The evidence of an economic pinch has been illustrated in the year-end economic data summaries in the FINBIN database from the Center for Farm Financial Management at the University of Minnesota. I prefer this database and other state and private farm record summaries over national statistics as these farms and producers are generally in the top two-thirds of performers and the records are much more accurate as they make accrual adjustments.
Declines across performance gradients
The summary data, which represents over 3,000 farms in over 20 states with various enterprises, has been segmented into three groups based on net farm income: the top 20 percent, the median, and the bottom 20 percent. A sharp decline of median net farm income was observed in all three groups.
For the top 20 percent of farms, the decline in net farm income was from over $700,000 to approximately $300,000. This sharp decline is similar to the reduction in net farm income observed in the years following the commodity super cycle of 2007 to 2012. It will be interesting to observe whether the net income will level off like it did for the six years after the sharp declines experienced post super cycle.
Changes may be ahead
The economic difference now will be the stubborn, inflated costs and higher interest rates not observed in the previous period. It will be interesting to see how the top 20 percent of profitable producers adjust pricing, risk management, cost, and interest rate strategies. Difficult decisions may be ahead for 2025 and beyond when it comes to rent and lease agreements, capital expenditures, and strategies for crop and livestock expenses. Usually, the top 20 percent of profitable producers are the first to adapt to changes.

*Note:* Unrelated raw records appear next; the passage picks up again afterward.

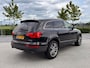 Audi Q7 3.0 TDI Quattro 7-Persoons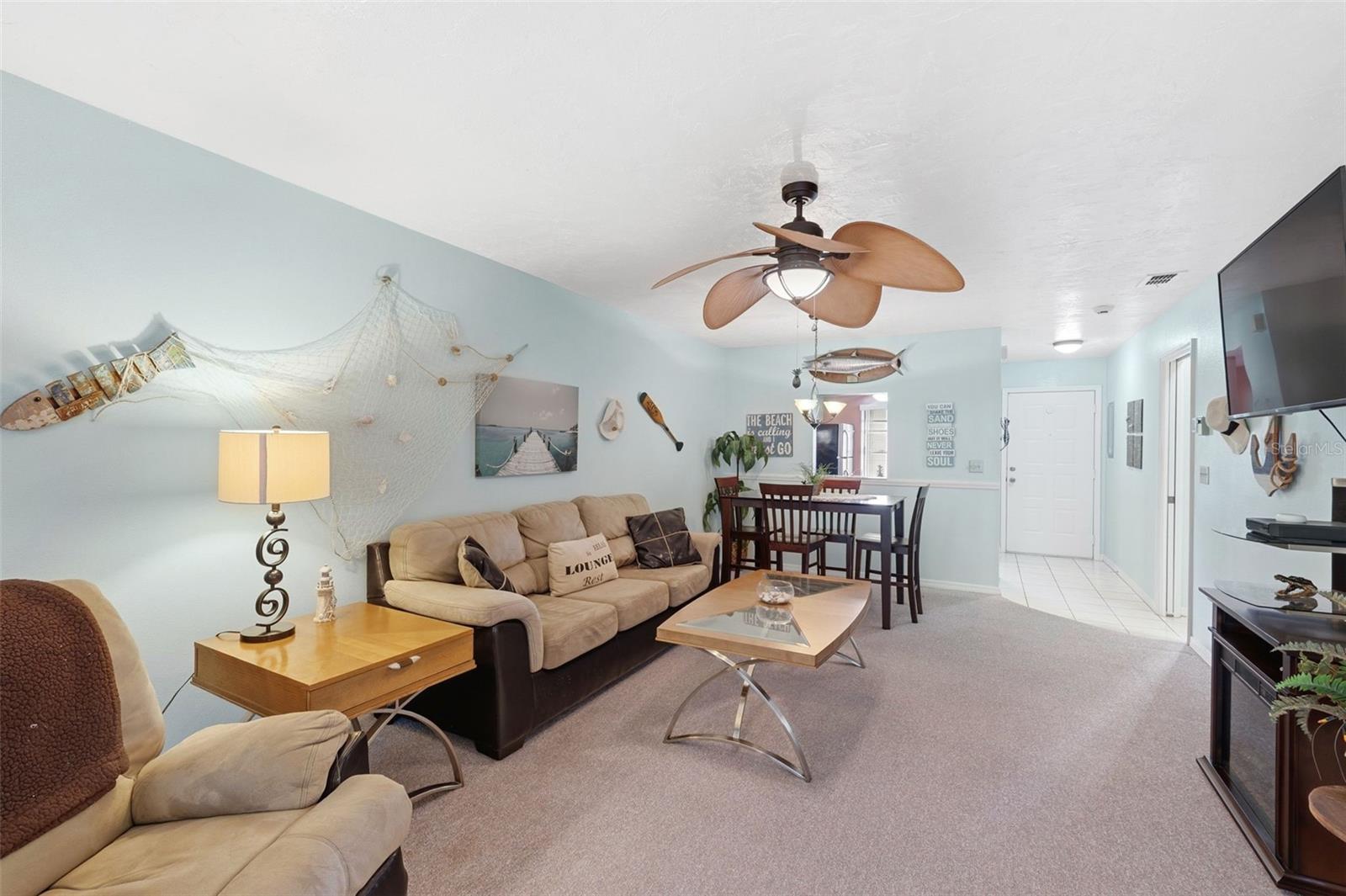 7612 OAKMONT LN — photo 12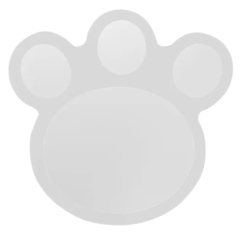 Adesivos Pegadas de Coelho - 24 unidades - comprar online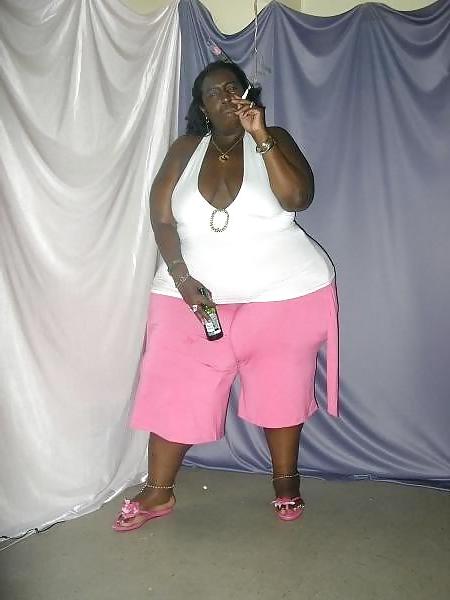 10P MY BEST SSBBW FREIND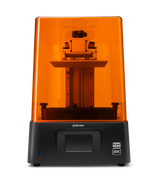 Phrozen Sonic Mini 8K 7.1" LCD 3D Printer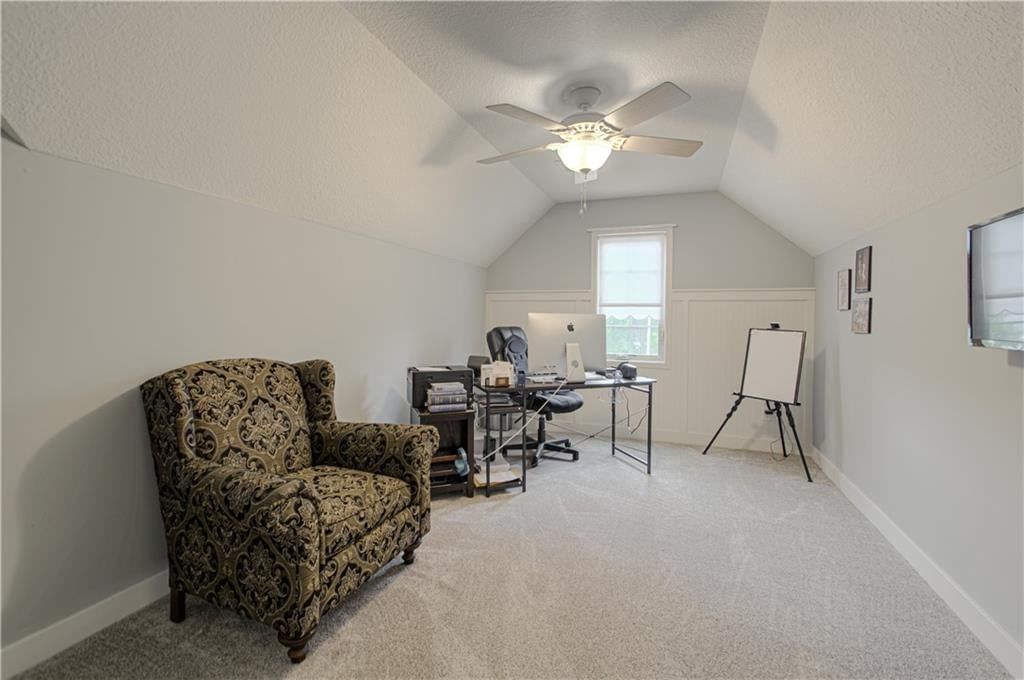 9519 N Lane Avenue — photo 44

Examining the median and bottom 20 percent of profitable producers reveals the margin squeeze. Median net farm income was approximately $45,000. For the bottom 20 percent of profitable producers, net farm income was negative $93,000.
These results would suggest that capital expenditures may be very limited. In the case of the bottom 20 percent of producers, the refinancing of losses often accumulated on operating lines of credit to longer-term payback and terms may be a loan request much more prevalent in the months to come.
In the previous period of squeezed margins post commodity super cycle, these refinancing requests were often accepted as a result of increasing land values due to low interest rates. This economic period may not provide this luxury, resulting in some possible tough decisions in the farming sector both for the borrower and lender. Now that the economic pinch is here, can these businesses stand a prolonged economic punch?